The first part of this answer will address the type inference part of your question

The only place where a type is automatically inferred in your example is when calling the genericMethod.

The definition of genericMethod declares two generic type parameters: an unbound BT and T which should be a subclass of BT.

Type T will be inferred according to the rules specified in Java language specification section 18.2.4:

A constraint formula of the form ‹S = T›, where S and T are types, is reduced as follows:

...

Otherwise, if T is an inference variable, α, and S is not a primitive type, the constraint reduces to the bound S = α.

In your example you provide an object of type String as an argument of type T. According to the rule above, T will be inferred to be equal to String.

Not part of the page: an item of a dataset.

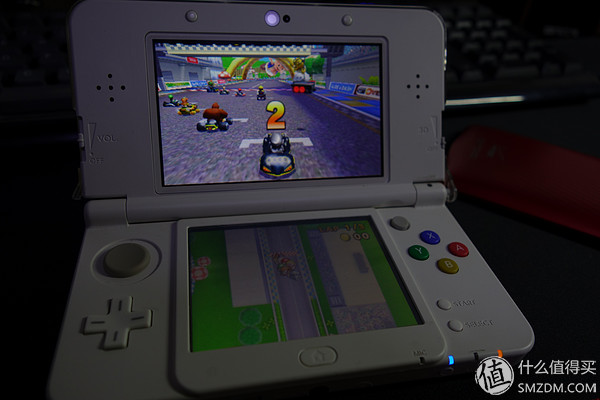 掌机游戏发展历程_GBA模拟器体验_gba游戏马里奥赛车下载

Now that T is fixed, the inference will proceed with BT. This type is inferred by following section 18.3.1 which says that an expression of type:

T extends BT, T == String

implies

String extends BT

This relationship allows the compiler to bind BT to String, thus you end up with the following implied call:

genericMethod<String,String>("text")

Hope this clears things up a bit.

To answer the second part of your question:

and although T extends BT, these are different types, and GenericClass may have internal logic where the exact type name plays an important role (e.g. is used as a string key in some map etc).

Without adding more constraints, the compiler will treat T as equivalent to BT and will allow you to call only the methods defined as part of the BT type.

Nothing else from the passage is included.